Description of problem: If a system has misconfigured serial console then beah can't run any tests and all of them fail with: Redirecting to /bin/systemctl status rhts-compat.service +++ basename /var/lib/beah/tortilla/wrappers.d/runtest ++ tortilla get-next-wrapper runtest + WRAP_NEXT= + /usr/bin/rhts-test-runner.sh logger: /usr/bin/rhts-test-runner.sh rhts-extend lab-02 12662707 5400 logger: /usr/bin/rhts-test-runner.sh rhts-test-checkin 127.0.0.1:7091 intel-mccreary-01 422430 /kernel/networking/kdump 5400 12662707 Traceback (most recent call last): File "/usr/bin/rhts-test-checkin", line 41, in <module> res = os.write(fd, "%s JobID:%s Test:%s Response:%s\n" % (timetext, jobid, test, resp)) OSError: [Errno 5] Input/output error + rc=1 + '[' -n '' ']' + exit 1 Version-Release number of selected component (if applicable): 0.12 How reproducible: 100% Steps to Reproduce: 1. run any test on system with misconfigured serial console, such that any write to /dev/console fails with "Input/output error" Actual results: beah fails to run every test Expected results: beah should report failure to write to stdout (/dev/console), but this shouldn't stop tests from running Additional info: Bug 966942 - /dev/ttyS0: not a character device, starting with 3.10.0-0.rc1.56.el7.x86_64
/dev/console is not a real file and we really shouldn't be pretending it is. beah also needs to handle the case where open("/dev/console") fails with ENODEV or EIO [1]. On systemd distros we should just stop all this logging business and write everything to stdout/stderr, and let the systemd journal capture it and forward it to the console.

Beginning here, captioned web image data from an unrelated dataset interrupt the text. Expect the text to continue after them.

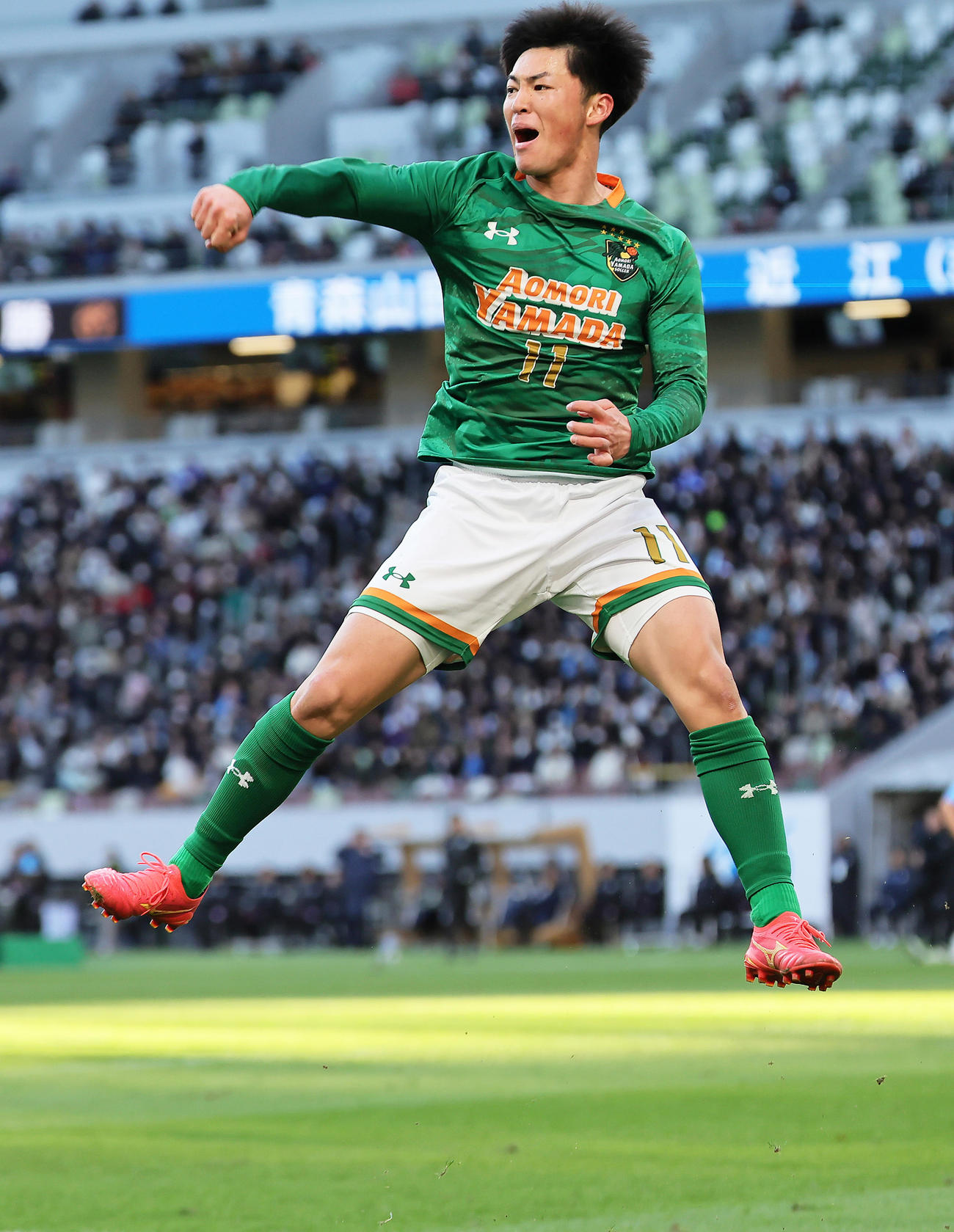 青森山田対近江　後半、ゴールを決めジャンプして喜ぶ青森山田・米谷（撮影・足立雅史）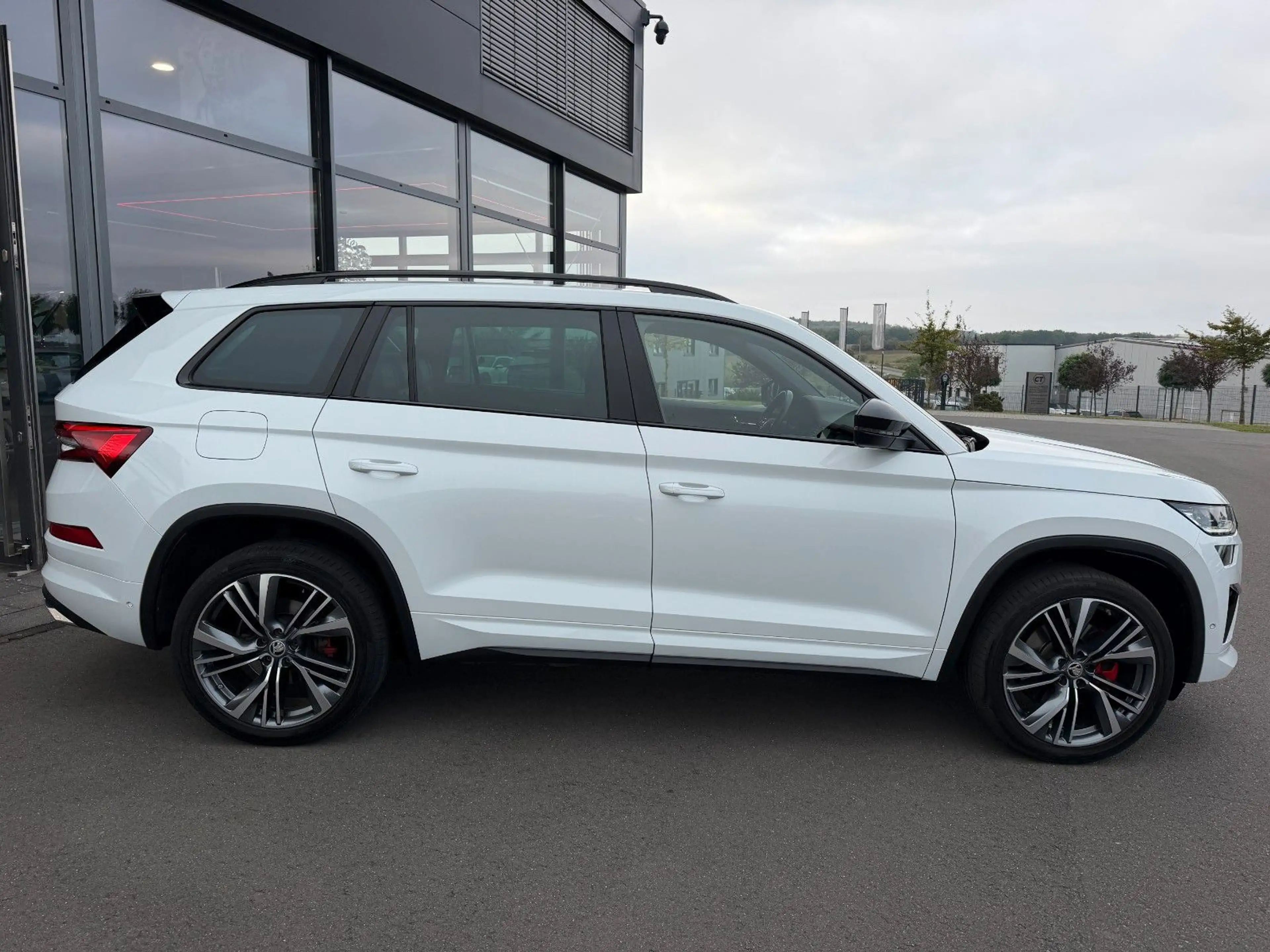Skoda Kodiaq 2,0TSi RS AHK Columbus DCC Memory ACC — photo 6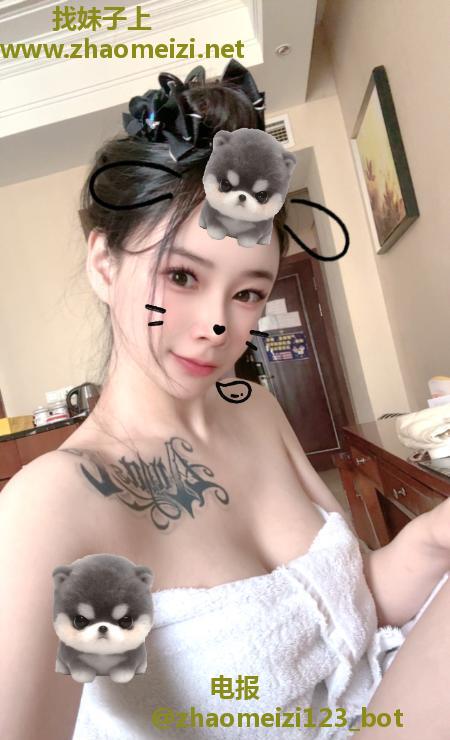 惠城舌吻反差尤物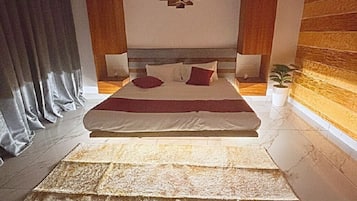Deluxe Room, 1 Queen Bed, Patio, Beachside | Laptop workspace, WiFi (free)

I think restraint does this currently. Then the quirks of the console are systemd's problem. For RHEL6 and earlier we may need to introduce a new beah config option for logging to the console, which uses a different code path (not the stdlib logging file handler) which is resilient to the various failure cases with /dev/console. In this case we will also need to be careful about redirecting stdout/stderr for child processes -- see the traceback in comment 0 for an example of why. [1] https://bugs.launchpad.net/ubuntu/+source/linux/+bug/554172/comments/245
I forgot the context for comment 1... We had a report of a similar problem, with the harness services failing to start on RHEL7 due to IOError opening /dev/console. It is essentially the same issue (/dev/console has some weird behaviour, we can't treat it like a regular file). systemd[1]: Starting The Beaker backend server.... systemd[1]: Started The Beaker backend server.. beah-beaker-backend[1319]: --- WARNING: Value for DEFAULT.HOSTNAME (None) is not an string. beah-beaker-backend[1319]: Traceback (most recent call last): beah-beaker-backend[1319]: File "/usr/bin/beah-beaker-backend", line 9, in <module> beah-beaker-backend[1319]: load_entry_point('beah==0.7.3.dev201403262029', 'console_scripts', 'beah-beaker-backend')() beah-beaker-backend[1319]: File "/usr/lib/python2.7/site-packages/beah/backends/beakerlc.py", line 2070, in main beah-beaker-backend[1319]: log_handler() beah-beaker-backend[1319]: File "/usr/lib/python2.7/site-packages/beah/wires/internals/twbackend.py", line 90, in log_handler beah-beaker-backend[1319]: console=parse_bool(conf.get('DEFAULT', 'CONSOLE_LOG'))) beah-beaker-backend[1319]: File "/usr/lib/python2.7/site-packages/beah/misc/__init__.py", line 214, in make_log_handler beah-beaker-backend[1319]: lhandler = logging.FileHandler('/dev/console') beah-beaker-backend[1319]: File "/usr/lib64/python2.7/logging/__init__.py", line 902, in __init__ beah-beaker-backend[1319]: StreamHandler.__init__(self, self._open()) beah-beaker-backend[1319]: File "/usr/lib64/python2.7/logging/__init__.py", line 925, in _open beah-beaker-backend[1319]: stream = open(self.baseFilename, self.mode) beah-beaker-backend[1319]: IOError: [Errno 5] Input/output error: '/dev/console' systemd[1]: beah-beaker-backend.service: main process exited, code=exited, status=1/FAILURE systemd[1]: Unit beah-beaker-backend.service entered failed state.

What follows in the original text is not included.